Rod Brooks on the Holy Grail of robotics

Rod Brooks, the robotics guru who co-founded iRobot and now runs a startup called Heartland Robotics, is speaking at the Nantucket Conference. He thinks robotics has been stymied by a basic cost problem: it costs 10 times more to integrate robots into product lines than the robot itself.

That means it’s only cost-effective to use robots in high-volume, high-value product lines.

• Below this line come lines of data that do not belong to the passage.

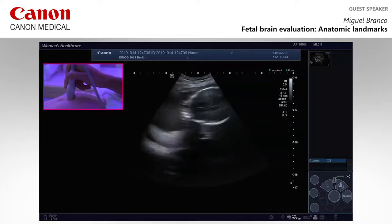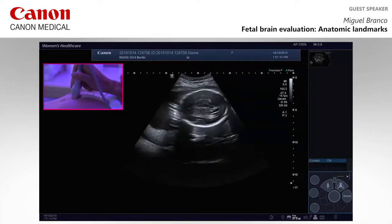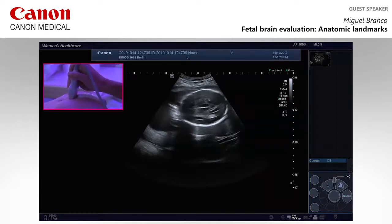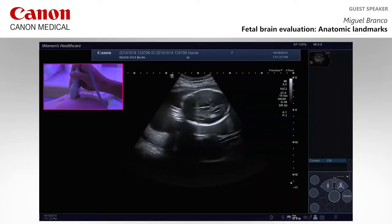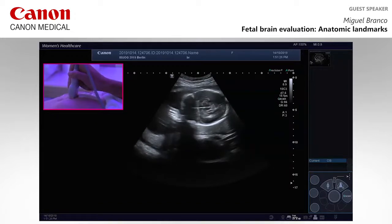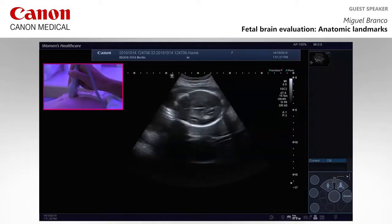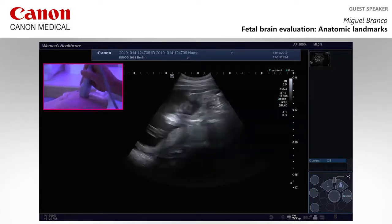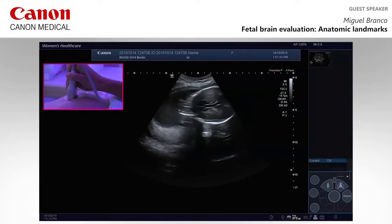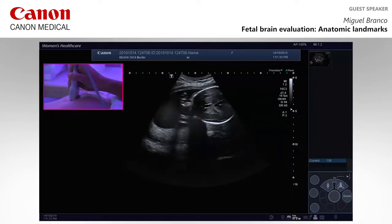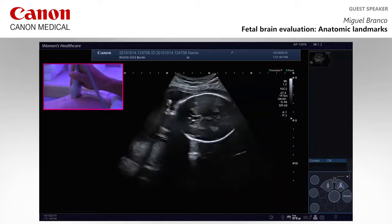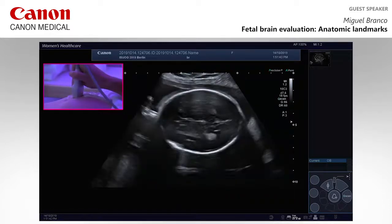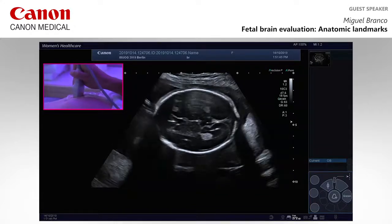We will start. I would like to imagine that every time we perform a brain evaluation, we have to be as strict as a nuchal scan. Sometimes we have images that are too small with the focus not in place. So the first advice is: try to get a good image, good magnification, and the focus well in place.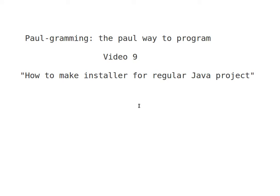Hello and welcome to programming. This is video number 9. In this video I will show you how to make an installer for a regular Java project. First I will create a simple Java application and then I will create the installer, and if I have enough time I will show you how it works on Windows.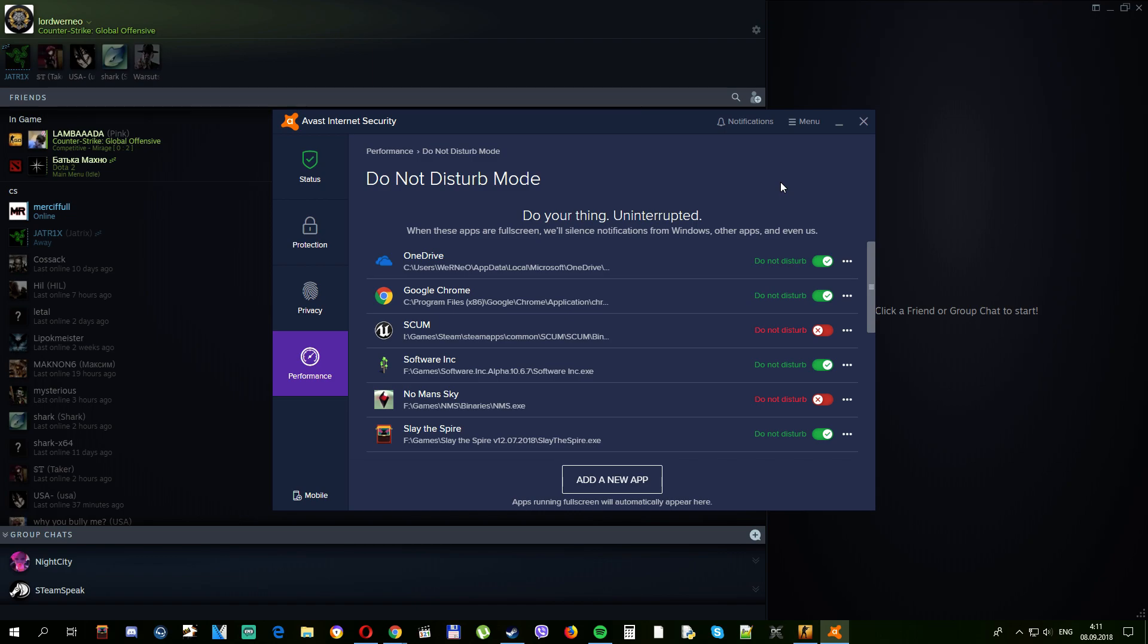But from time to time Avast adds CSGO back to this list. So as soon as your game starts minimizing again, you should repeat this process. That's why this is a temporary fix, not permanent. That's all guys, thanks for watching and stay tuned!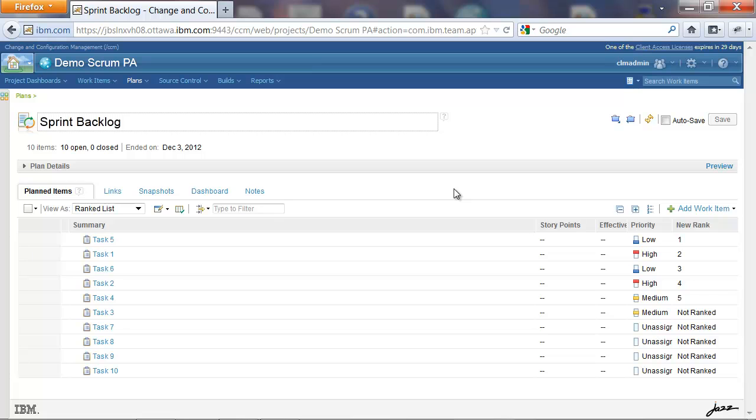So there we are. Remember, we have demonstrated the four ways in which you can assign ranking to plan items using the new ranking strategy. Thank you for watching.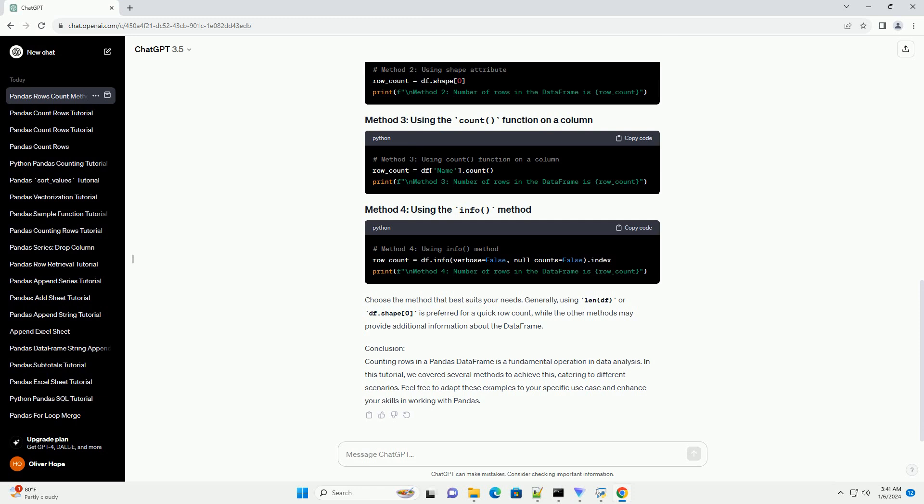We covered methods catering to different scenarios. Feel free to adapt these examples to your specific use case and enhance your skills in working with Pandas.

He believes that he can create robots that trash this model and make it cost-effective to use robots in a wide variety of manufacturing environments, eliminating the cost advantages of countries with cheap labor.

Brooks is cagey about when this might happen.The one thing he said about Heartland is that “we’re not doing anything with batteries or wheels.” He stonewalled me afterwards, in a charming and good-humored way.
He did throw out these four Holy Grails for robotics:

  • make robots as visually adept as a two-year old child.
  • give robots the language capabilities of a four-year old child.
  • give robots the manual dexterity of a 6 year old – (this may need the development of new materials).
  • give robots the social awareness of an 8-year old child (he used the 8 for symmetry, but really, the goal is to be at a 9-year-old’s level).

He does not think much of the video-friendly humanoid robots being developed in Japan.

“I see Japanese companies as kind of lost,” he said. “The videos are great, but they’re awfully … it’s great engineering but no applications.”